À Kinshasa et dans certains coins du pays, les partisans du régime qualifiaient les ressortissants de l’est d’anti-état de siège, d’anti-Tshisekedi. Ils ont même été soupçonnés de travailler de connivence avec l’ennemi pour faire échouer le pouvoir. Ils ont été qualifiés de tous les noms d’oiseaux. Mais, comme le temps est le meilleur allié de l’homme et de la vérité, les cartes ont déjà bougé et les analyses sont déjà dans un sens tout comme dans un autre.
L’action du Rwanda aux couleurs du M23 a finalement déjà changé la donne. Contrairement à ce que Jules Alingete, Inspecteur général des finances et bras droit de Tshisekedi, déclarait en 2022 devant des investisseurs étrangers à Houston, aux USA, que la guerre se passait à plus de 2000 kms des institutions et à plus de 600 kms du chef-lieu du Nord-Kivu, les faits sur le terrain ont déjà démontré une autre réalité.
Car, c’est à la porte de Goma que les rebelles ont engagé les hostilités. À une vingtaine de kilomètres seulement. Et pourtant, c’est ici le siège des institutions provinciales. La ville où tout se décide sous la houlette des autorités militaires de l’état de siège. Conduit aujourd’hui par le général Peter Cirimwami, l’état de siège inspirait confiance. Confiée entre les mains d’un si haut gradé de l’armée, la population s’attendait à l’amélioration de la situation. Aujourd’hui, l’ennemi s’est métamorphosé et agit près de la capitale provinciale. Certains analystes craignent déjà que Goma retombe entre les mains des rebelles alors qu’en plein état de siège.

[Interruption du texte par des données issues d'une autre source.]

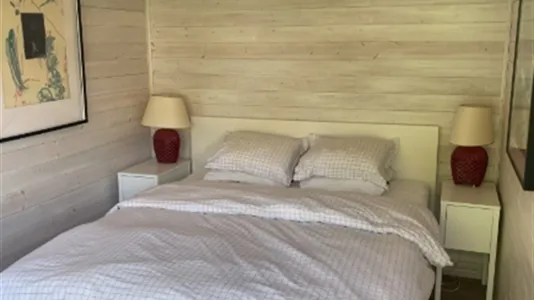 Hus i Värmdö - foto 6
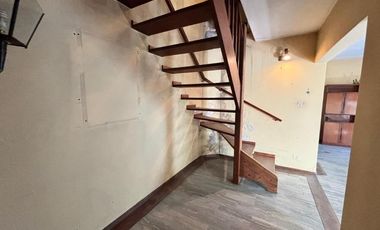 Casa para 2 Familias en venta en Quilmes Oeste Centro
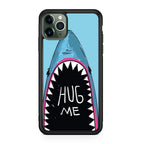 Hug Me iPhone 11 Pro Case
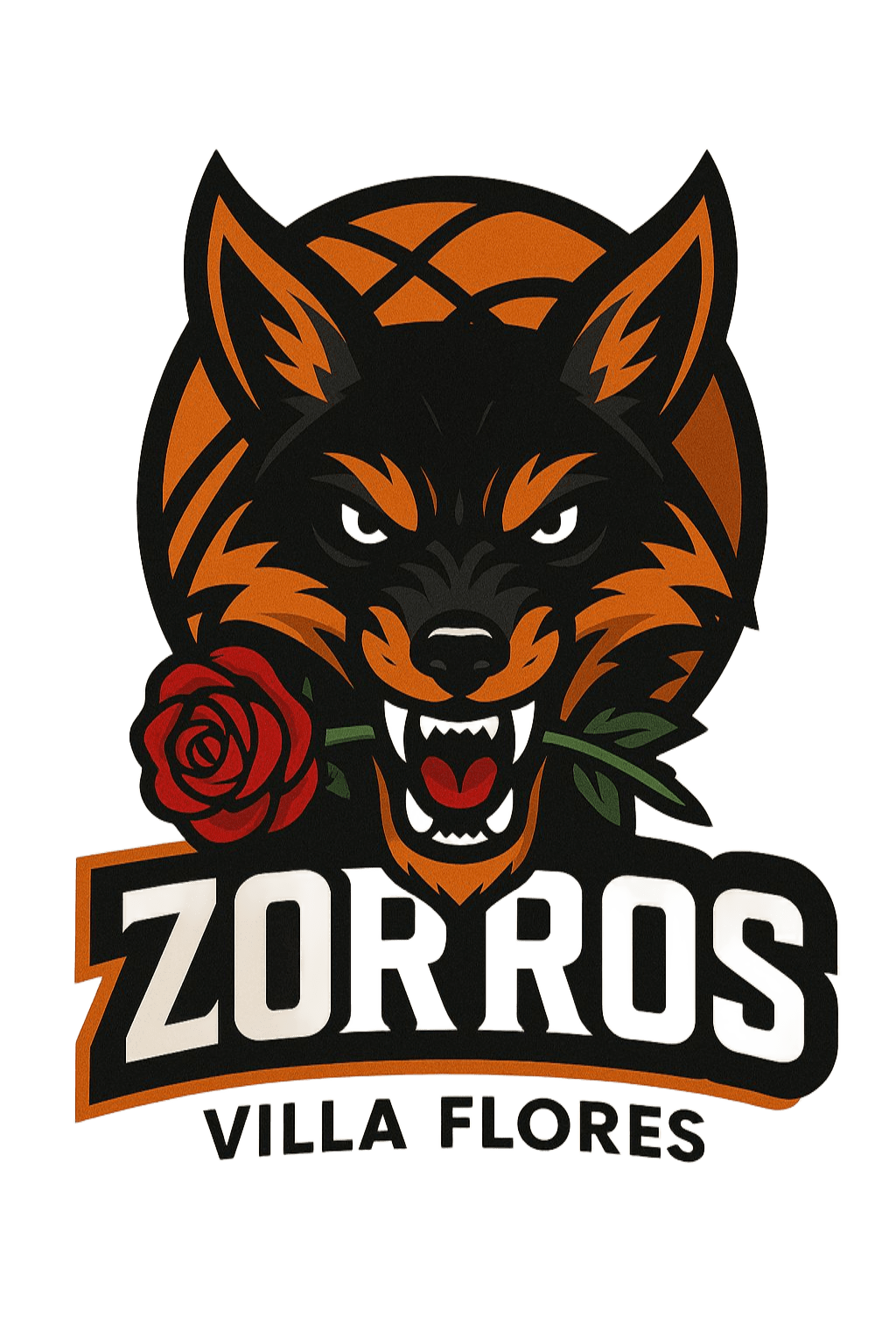 LOGO-LOS-ZORROS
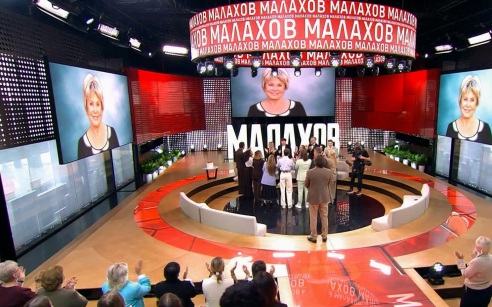 Сенсация! Ангелина Вовк тайно вышла замуж!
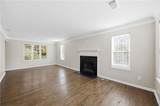640 Preston Court - Photo 3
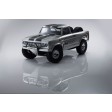 Kyosho OUTLAW RAMPAGE PRO 1/10e EP 2WD TRUCK Kit ARR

Par ailleurs, dans le Masisi, le même ennemi avance et toque aux portes du Sud-Kivu. Après avoir conquis Rubaya puis Bitonga la semaine qui s’est achevée, le M23 avance vers l’autre province où des bombes sont même tombées dans l’agglomération de Minova.
Félix Tshisekedi doit tirer toutes les conséquences
Au regard de la dégradation de la situation, les autorités congolaises doivent arrêter de feindre et de minimiser les faits. Elles doivent forcément reconnaître avoir échoué de ce côté. La menace est grande et la réponse doit être proportionnelle.
« Quand une mesure exceptionnelle dure longtemps, elle cesse de l’être, elle se normalise et la population s’y habitue », déclaraient déjà les députés provinciaux du Nord-Kivu dans une correspondance adressée au chef de l’État en février 2022.
A ce stade, alors que l’état de siège a déjà perdu toute sa saveur, Kinshasa doit penser à une nouvelle voie de sortie. Ancien vice-président de l’Assemblée provinciale du Nord-Kivu, l’ex-député Jean-Paul Lumbulumbu préconisait déjà que cette mesure soit seulement concentrée dans les zones les plus insécurisées afin que tous les moyens logistiques, financiers et même humains soient déployés sur place avec la possibilité d’étouffer l’ennemi. D’autres suggéraient le remplacement de l’état de siège par l’état d’urgence sécuritaire, etc
Mais, en un mot comme en mille, l’état de siège a plus été une tracasserie contre des civils plutôt qu’être une solution. Elle n’a réussi à éradiquer aucun groupe armé mais a assisté impuissamment à la résurgence du M23 ainsi que d’autres milices.
Trois ans après, on note que les responsables de l’état de siège installés dans les territoires de Masisi et Rutshuru ont déjà fui les entités sous leur administration à cause de la présence de la rébellion. Cependant, en dépit de ce bilan, Félix Tshisekedi continue de maintenir la situation telle quelle, affirmant même que l’état de siège était la voie appropriée pour restaurer la paix dans l’est.